Exercise material —
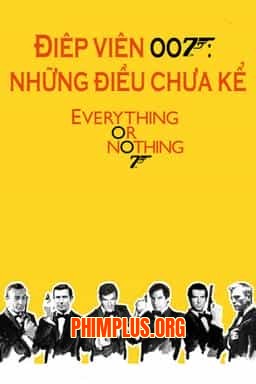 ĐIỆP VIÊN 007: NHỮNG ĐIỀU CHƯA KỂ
==
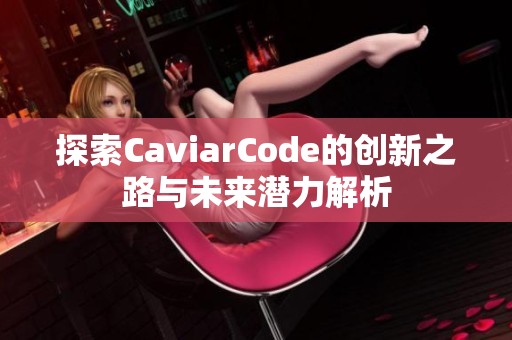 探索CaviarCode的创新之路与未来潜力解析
==
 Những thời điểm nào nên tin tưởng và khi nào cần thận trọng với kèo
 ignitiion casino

Problem details —
Among the records above, extract exactly the lines from the line with "Những thời điểm" to the line with "ignitiion casino", both lines included, and leave out the rest.

Written reply —
 Những thời điểm nào nên tin tưởng và khi nào cần thận trọng với kèo
 ignitiion casino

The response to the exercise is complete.